His finger stabbed at the next page in the brightly coloured book.

'Gentlemen, this is merely some sort of book of magic, possibly about the Morphic Bounce Hypothesis. Look at this.' The picture showed a very large lizard followed by a big red arrow, followed by a bird. 'Lizards don't turn into birds. If they did, why have we still got lizards? Things can't decide for themselves what shape they're going to be. Ain't that so, Bursar?'

The Bursar nodded happily. He was halfway through HEX's write-out of the theoretical physics of the project universe and, so far, had understood every word. He was particular happy with the limitations of light speed. It made absolute sense.

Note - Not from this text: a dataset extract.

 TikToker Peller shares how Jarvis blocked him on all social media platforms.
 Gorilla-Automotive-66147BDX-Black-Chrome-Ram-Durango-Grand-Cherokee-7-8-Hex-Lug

He took a crayon and wrote in the margin: 'Assuming the uni­verse to be a negatively curved non-Paramidean manifold, which is more or less obvious, you could deduce its topology by observing the same galaxies in several different directions.' He thought for a moment, and added: 'Some travel will be involved.'

Of course, he was a natural mathematician, and one thing a nat­ural mathematician wants to do is get away from actual damn sums as quickly as possible and slide into those bright sunny uplands where everything is explained by letters in a foreign alphabet, and no one shouts very much. This was even better than that. The hard-to-digest idea that there were dozens of dimensions rolled up where you couldn't see them was sheer jelly and ice cream to a man who saw lots of things no one else saw.